But the major problem with shorting the Cure #1 is that, as has been done in this case, there's no accounting for the vast difference in lean to fat in bacon.
The USDA's recommended levels of safe nitrite are for the weight of the entire cut, there's no accounting for different levels of fat/lean.
Therefore, I think it's bad to promote such a practice.



Martin


----------



## diggingdogfarm (Apr 1, 2012)

Pops6927 said:


> What might be confusing is on the dry, the ingredients are per 1000g or 1kg, multiply the amounts X 5 for 5 kg of bacon bringing the cure up to 1 oz or 1 heaping tablespoon.



Take a very close look at the amount of ingredients for the dry cure per 1000g (1 kg.), that's where the major problem lies. 
I hope there's nobody who puts 15% salt in their bacon......on purpose anyway! LOL

And 2.5 teaspoons (12.5 g.) of Cure #1 is the proper amount of cure for 5 kg. of bacon if the level of 156 ppm is used, but it's acceptable to use up to 180 ppm for skin on bellies. 
1 ounce of Cure #1 per 5 kg. of bacon that you suggest would be 350 ppm which is way over the safe limit. :icon_eek:


Martin


----------



## DanMcG (Apr 1, 2012)

Good catch Martin, I must have looked at that recipe before but never noticed the error.

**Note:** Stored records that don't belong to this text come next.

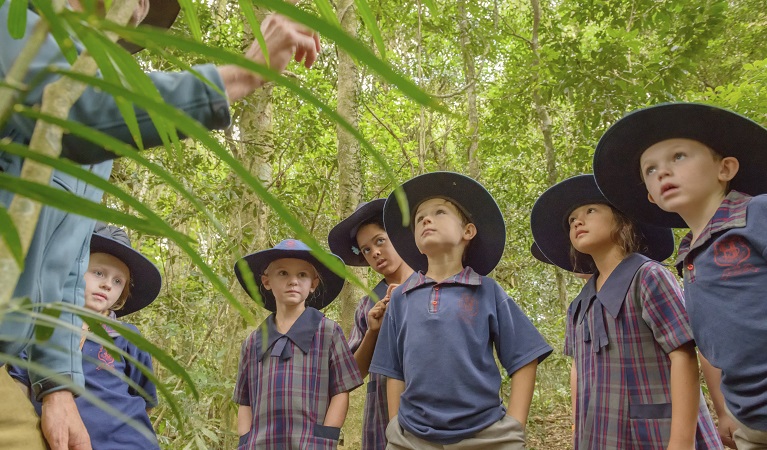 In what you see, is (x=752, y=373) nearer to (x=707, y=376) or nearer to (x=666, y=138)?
(x=707, y=376)

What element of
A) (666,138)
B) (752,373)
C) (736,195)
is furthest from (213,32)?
(752,373)

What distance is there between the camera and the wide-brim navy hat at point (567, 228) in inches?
103

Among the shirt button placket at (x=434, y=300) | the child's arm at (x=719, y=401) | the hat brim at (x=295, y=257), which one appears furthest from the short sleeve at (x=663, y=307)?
the hat brim at (x=295, y=257)

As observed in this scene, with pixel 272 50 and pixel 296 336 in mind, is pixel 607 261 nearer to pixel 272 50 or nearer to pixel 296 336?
pixel 296 336

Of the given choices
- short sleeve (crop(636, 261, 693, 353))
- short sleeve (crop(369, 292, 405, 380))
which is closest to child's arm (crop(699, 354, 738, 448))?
short sleeve (crop(636, 261, 693, 353))

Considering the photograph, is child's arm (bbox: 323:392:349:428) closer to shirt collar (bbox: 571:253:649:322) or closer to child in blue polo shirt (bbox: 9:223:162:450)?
child in blue polo shirt (bbox: 9:223:162:450)

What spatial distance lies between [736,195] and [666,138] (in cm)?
33

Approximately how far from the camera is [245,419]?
2861mm

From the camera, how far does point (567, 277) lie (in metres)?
7.41

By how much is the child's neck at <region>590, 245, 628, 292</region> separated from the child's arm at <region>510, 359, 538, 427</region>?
410mm

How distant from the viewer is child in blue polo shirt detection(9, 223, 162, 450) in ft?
7.93

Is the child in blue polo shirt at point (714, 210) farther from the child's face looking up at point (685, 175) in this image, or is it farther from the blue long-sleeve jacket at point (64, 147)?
the blue long-sleeve jacket at point (64, 147)

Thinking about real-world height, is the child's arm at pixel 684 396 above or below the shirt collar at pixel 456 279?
below

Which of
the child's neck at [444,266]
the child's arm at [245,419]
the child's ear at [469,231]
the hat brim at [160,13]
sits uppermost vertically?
the hat brim at [160,13] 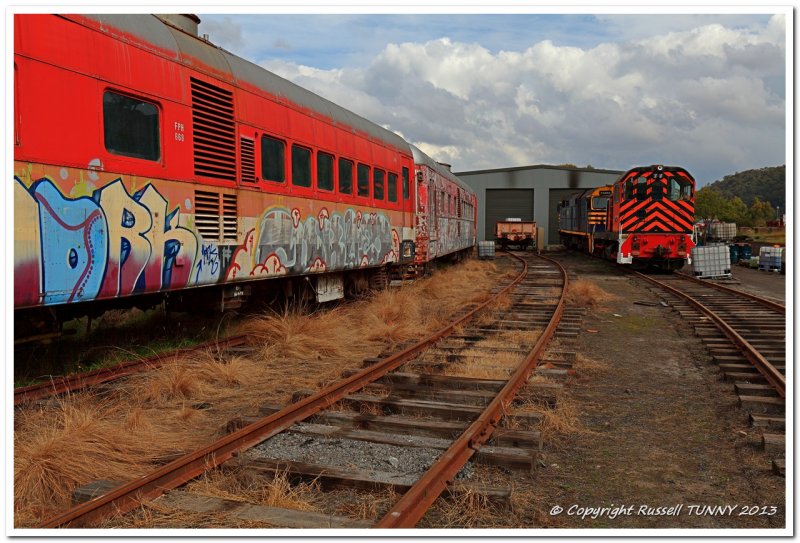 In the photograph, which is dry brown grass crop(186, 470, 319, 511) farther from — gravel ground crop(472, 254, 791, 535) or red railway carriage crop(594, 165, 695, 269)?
red railway carriage crop(594, 165, 695, 269)

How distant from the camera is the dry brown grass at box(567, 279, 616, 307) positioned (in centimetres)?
1346

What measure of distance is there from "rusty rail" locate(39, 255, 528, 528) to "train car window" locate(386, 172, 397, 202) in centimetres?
746

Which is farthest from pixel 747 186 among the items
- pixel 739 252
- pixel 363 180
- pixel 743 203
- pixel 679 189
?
pixel 363 180

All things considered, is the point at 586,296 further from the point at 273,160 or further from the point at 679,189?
the point at 679,189

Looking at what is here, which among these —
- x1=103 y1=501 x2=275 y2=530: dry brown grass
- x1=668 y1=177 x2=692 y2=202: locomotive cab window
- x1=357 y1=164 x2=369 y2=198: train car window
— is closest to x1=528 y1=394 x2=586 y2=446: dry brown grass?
x1=103 y1=501 x2=275 y2=530: dry brown grass

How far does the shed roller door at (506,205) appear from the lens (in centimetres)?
5325

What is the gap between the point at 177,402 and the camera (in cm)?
574

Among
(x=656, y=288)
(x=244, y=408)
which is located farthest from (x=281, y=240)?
(x=656, y=288)

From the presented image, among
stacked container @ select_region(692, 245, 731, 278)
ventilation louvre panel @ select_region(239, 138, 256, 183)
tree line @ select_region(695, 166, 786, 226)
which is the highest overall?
tree line @ select_region(695, 166, 786, 226)

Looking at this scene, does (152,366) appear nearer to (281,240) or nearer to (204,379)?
(204,379)

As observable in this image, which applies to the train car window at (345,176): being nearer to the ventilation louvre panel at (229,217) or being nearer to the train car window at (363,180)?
the train car window at (363,180)

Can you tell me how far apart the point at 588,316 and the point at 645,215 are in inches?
428

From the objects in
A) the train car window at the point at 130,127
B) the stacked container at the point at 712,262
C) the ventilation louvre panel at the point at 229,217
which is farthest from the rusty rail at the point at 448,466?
the stacked container at the point at 712,262

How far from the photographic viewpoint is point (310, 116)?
981cm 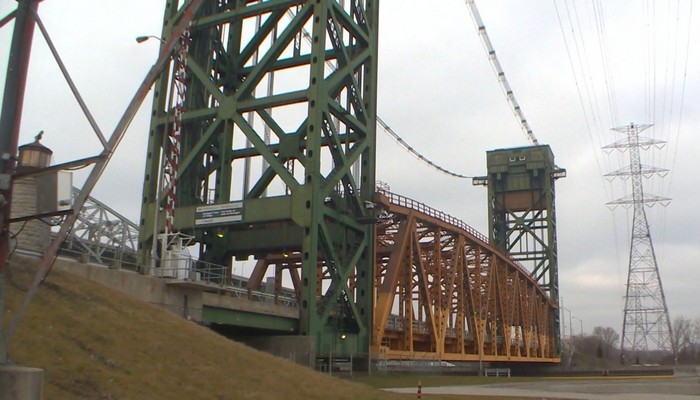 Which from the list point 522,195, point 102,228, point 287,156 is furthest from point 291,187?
point 522,195

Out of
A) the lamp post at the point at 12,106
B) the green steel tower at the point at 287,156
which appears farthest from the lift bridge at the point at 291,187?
the lamp post at the point at 12,106

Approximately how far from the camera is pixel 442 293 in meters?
72.7

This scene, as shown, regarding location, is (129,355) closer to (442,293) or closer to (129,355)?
(129,355)

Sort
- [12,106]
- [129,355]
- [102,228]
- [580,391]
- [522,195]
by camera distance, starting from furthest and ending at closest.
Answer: [522,195] → [102,228] → [580,391] → [129,355] → [12,106]

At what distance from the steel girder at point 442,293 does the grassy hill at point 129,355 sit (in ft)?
90.9

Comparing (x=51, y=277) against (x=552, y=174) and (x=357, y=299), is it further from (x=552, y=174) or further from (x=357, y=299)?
(x=552, y=174)

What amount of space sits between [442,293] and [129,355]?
2205 inches

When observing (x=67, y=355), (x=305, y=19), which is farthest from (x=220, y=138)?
(x=67, y=355)

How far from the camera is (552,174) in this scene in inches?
4365

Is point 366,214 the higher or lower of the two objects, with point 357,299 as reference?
higher

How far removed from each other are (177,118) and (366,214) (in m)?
15.0

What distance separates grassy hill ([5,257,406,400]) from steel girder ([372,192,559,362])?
27.7 m

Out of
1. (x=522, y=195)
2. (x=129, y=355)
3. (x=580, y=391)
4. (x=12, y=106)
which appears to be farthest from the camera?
(x=522, y=195)

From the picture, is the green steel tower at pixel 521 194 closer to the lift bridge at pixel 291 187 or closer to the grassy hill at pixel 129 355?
the lift bridge at pixel 291 187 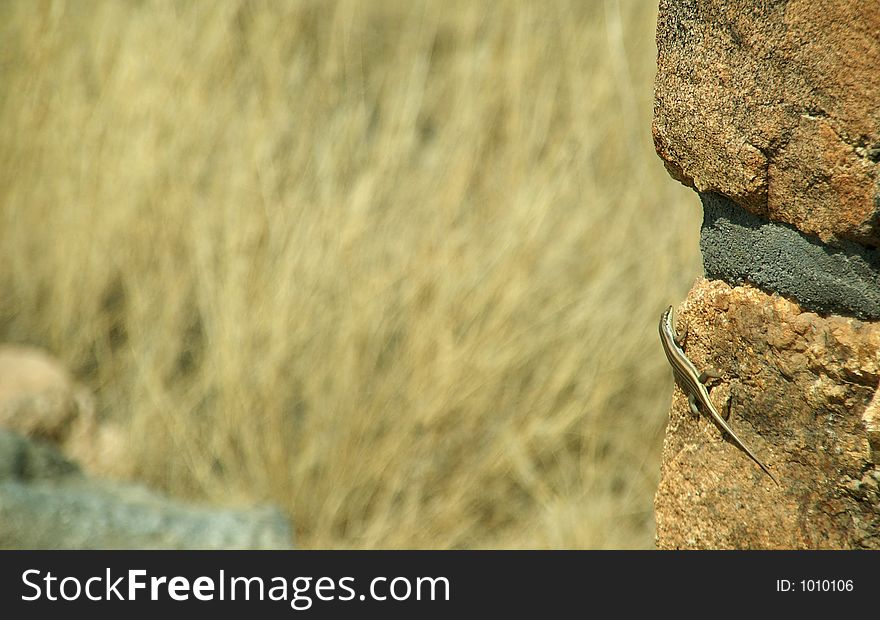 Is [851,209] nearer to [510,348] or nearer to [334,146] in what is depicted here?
[510,348]

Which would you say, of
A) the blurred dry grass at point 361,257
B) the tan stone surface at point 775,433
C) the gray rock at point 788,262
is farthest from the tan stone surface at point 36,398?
the gray rock at point 788,262

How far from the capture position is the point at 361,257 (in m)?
3.22

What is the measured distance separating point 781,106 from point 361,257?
2251mm

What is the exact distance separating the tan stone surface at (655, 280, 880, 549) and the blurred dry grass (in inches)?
72.8

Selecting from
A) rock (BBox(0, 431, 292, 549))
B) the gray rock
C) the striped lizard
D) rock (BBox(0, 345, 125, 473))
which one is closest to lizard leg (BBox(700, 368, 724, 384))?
the striped lizard

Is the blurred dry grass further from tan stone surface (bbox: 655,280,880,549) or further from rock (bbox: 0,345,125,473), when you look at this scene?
tan stone surface (bbox: 655,280,880,549)

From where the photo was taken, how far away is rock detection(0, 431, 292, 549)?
8.74 feet

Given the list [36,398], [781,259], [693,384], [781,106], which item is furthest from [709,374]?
[36,398]

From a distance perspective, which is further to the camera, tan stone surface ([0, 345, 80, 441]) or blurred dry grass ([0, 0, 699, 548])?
tan stone surface ([0, 345, 80, 441])

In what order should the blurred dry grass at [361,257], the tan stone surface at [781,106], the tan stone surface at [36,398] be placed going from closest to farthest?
the tan stone surface at [781,106] < the blurred dry grass at [361,257] < the tan stone surface at [36,398]

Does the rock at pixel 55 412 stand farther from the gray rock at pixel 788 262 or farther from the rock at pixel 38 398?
the gray rock at pixel 788 262

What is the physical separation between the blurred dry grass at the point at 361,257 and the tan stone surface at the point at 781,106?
1.97m

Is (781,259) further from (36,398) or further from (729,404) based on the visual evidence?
(36,398)

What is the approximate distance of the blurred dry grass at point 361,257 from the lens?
125 inches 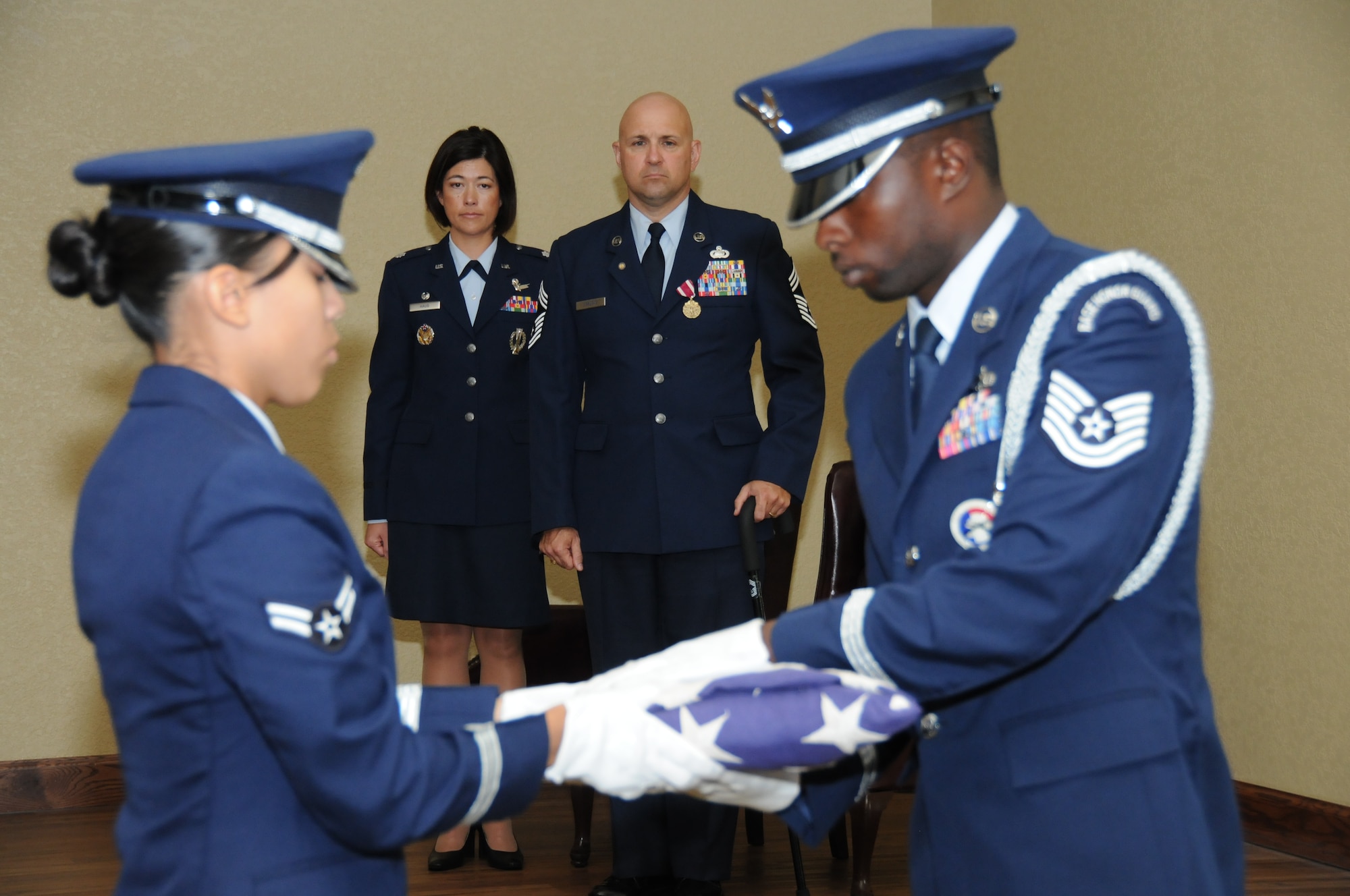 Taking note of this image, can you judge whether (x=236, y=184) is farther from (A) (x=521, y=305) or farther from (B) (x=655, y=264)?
(A) (x=521, y=305)

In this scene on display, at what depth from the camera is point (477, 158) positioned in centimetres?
359

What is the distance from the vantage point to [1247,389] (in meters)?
3.48

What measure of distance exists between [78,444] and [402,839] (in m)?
3.61

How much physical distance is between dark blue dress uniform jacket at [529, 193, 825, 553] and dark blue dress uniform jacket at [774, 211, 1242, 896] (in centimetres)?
179

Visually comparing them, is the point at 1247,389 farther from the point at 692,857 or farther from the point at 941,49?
the point at 941,49

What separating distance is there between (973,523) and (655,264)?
80.6 inches

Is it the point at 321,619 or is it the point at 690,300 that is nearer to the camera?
the point at 321,619

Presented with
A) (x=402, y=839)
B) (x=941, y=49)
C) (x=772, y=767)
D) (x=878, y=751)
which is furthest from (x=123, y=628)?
(x=941, y=49)

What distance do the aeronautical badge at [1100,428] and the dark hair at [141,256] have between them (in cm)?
80

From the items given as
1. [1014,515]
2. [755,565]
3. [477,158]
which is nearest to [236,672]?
[1014,515]

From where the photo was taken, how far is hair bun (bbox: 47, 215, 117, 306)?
1157mm

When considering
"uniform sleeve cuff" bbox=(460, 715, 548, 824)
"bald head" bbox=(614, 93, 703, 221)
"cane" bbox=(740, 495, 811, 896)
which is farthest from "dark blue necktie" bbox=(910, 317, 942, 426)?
"bald head" bbox=(614, 93, 703, 221)

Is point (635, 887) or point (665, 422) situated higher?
point (665, 422)

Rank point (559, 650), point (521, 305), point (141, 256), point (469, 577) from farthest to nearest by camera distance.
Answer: point (559, 650)
point (521, 305)
point (469, 577)
point (141, 256) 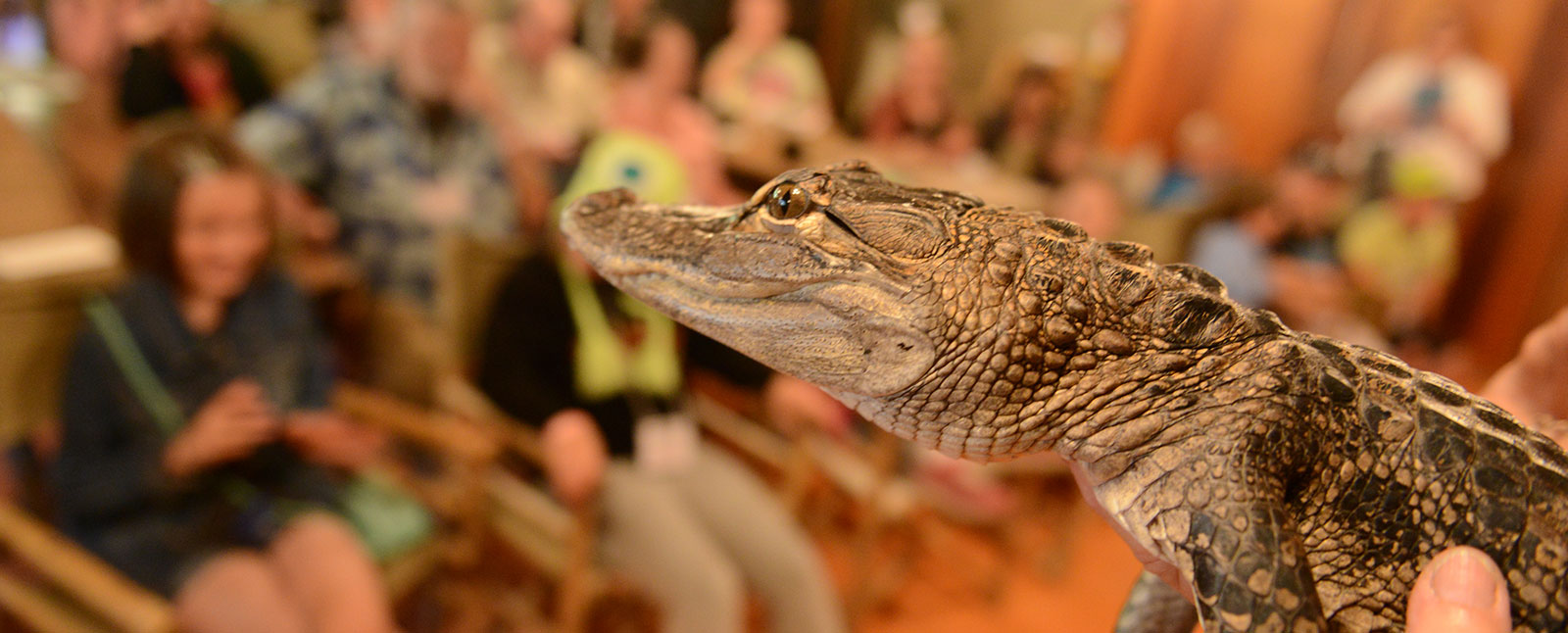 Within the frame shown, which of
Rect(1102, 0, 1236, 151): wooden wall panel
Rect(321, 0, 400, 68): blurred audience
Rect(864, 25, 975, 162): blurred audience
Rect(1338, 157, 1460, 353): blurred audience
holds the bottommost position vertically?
Rect(321, 0, 400, 68): blurred audience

Another good reason to do your own calculations, just to verify what you're reading is accurate.


----------



## alblancher (Apr 1, 2012)

Always do the calculations.  Using the dry cure calculator I plugged in 11 lbs of bacon skin on with 4% salt and came up with  199 g salt and 14.3 g cure for 200 ppm.   149g salt and 14.3g cure for 3% salt.

When doing dry cures I always recommend we cure with the maximum amount of cure  for bacon  200ppm because of the amount of time involved and the way we apply the cure mix.

Remember we have no control over off-site links.  We can not keep them edited properly. 

May I suggest we refer members to the Dry Cured Bacon Calculator in the Wikis that we discussed and approved as a team.   Pop's brine is also in the Wikis and we should use it as our go to brine recipe.

If  it is time to open these two Wikis to additional discussion or fine tuning lets do it.


----------